[Given information]:
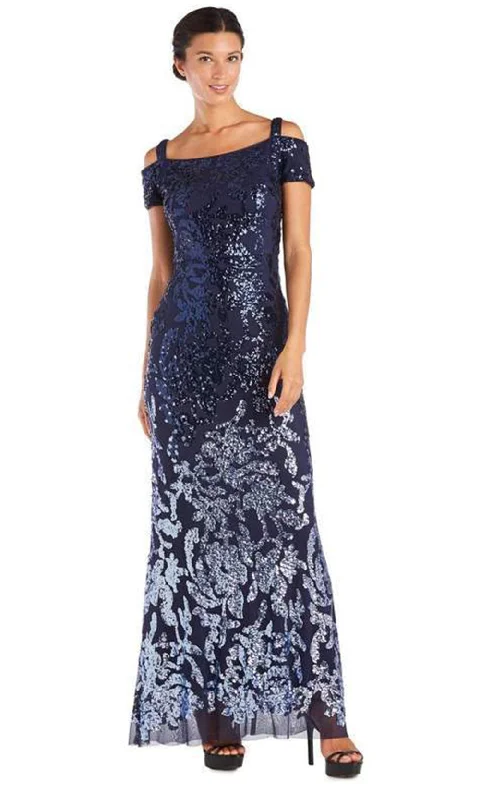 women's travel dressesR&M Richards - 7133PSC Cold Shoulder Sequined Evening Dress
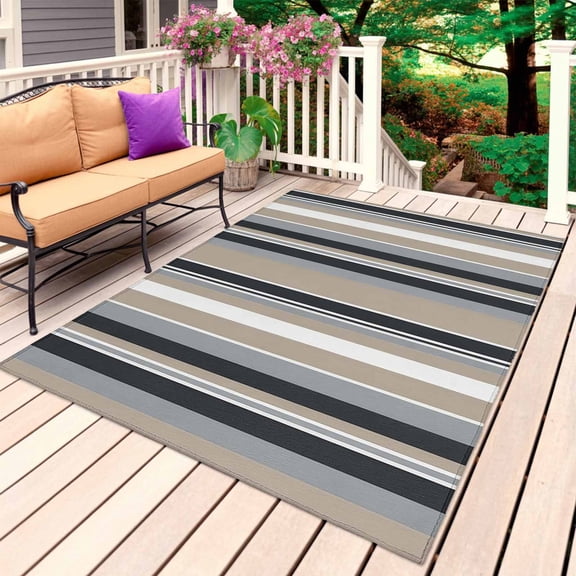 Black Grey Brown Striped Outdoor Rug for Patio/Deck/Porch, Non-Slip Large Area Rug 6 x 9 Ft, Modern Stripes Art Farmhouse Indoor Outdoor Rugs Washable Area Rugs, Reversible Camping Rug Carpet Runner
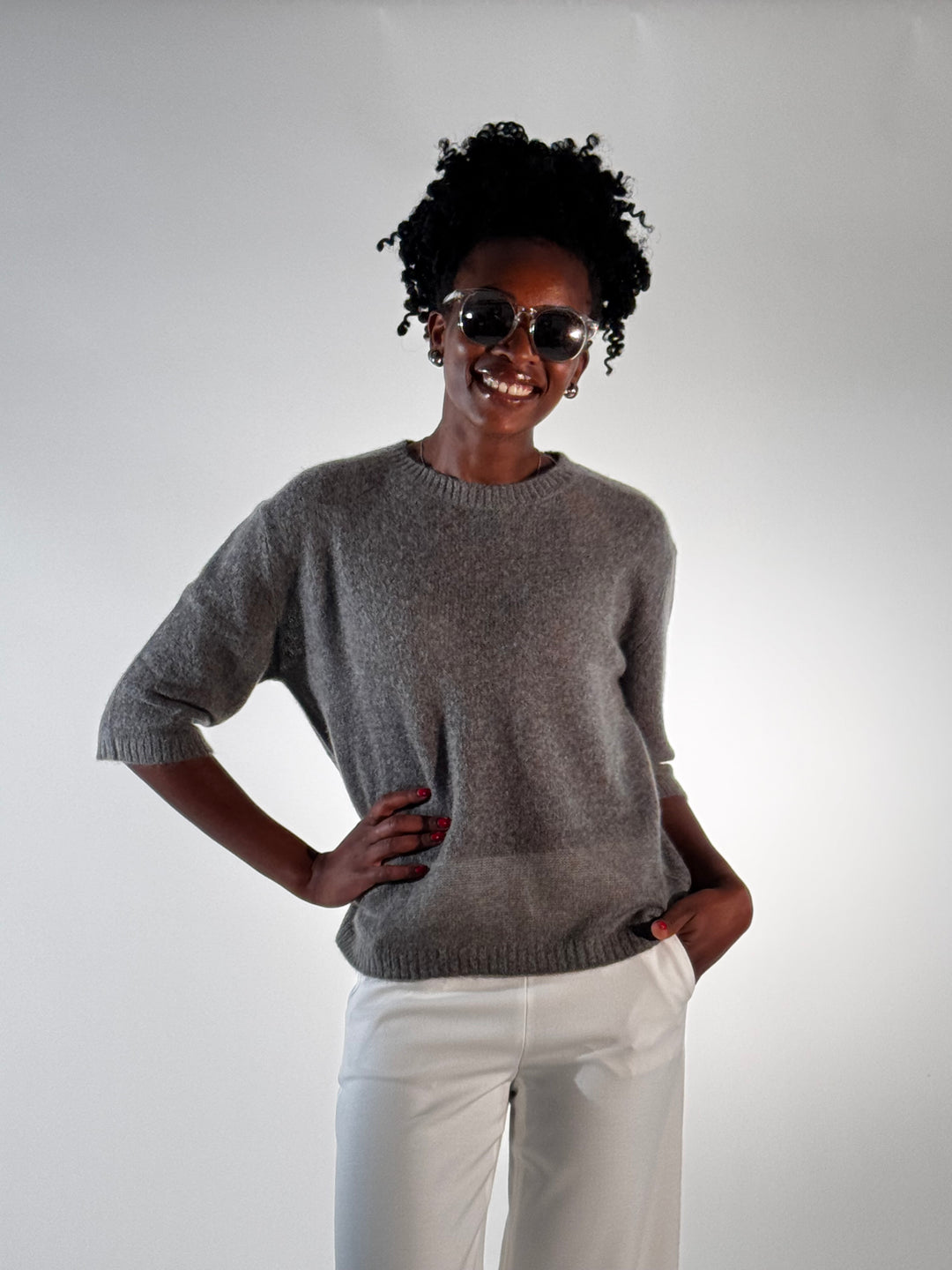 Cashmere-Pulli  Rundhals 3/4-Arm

[How to complete this task]: Exactly reproduce the lines beginning at the one that contains "Black Grey Brown" and ending at the final line of the material, with the pictures left out.

[Result below]:
 Black Grey Brown Striped Outdoor Rug for Patio/Deck/Porch, Non-Slip Large Area Rug 6 x 9 Ft, Modern Stripes Art Farmhouse Indoor Outdoor Rugs Washable Area Rugs, Reversible Camping Rug Carpet Runner
 Cashmere-Pulli  Rundhals 3/4-Arm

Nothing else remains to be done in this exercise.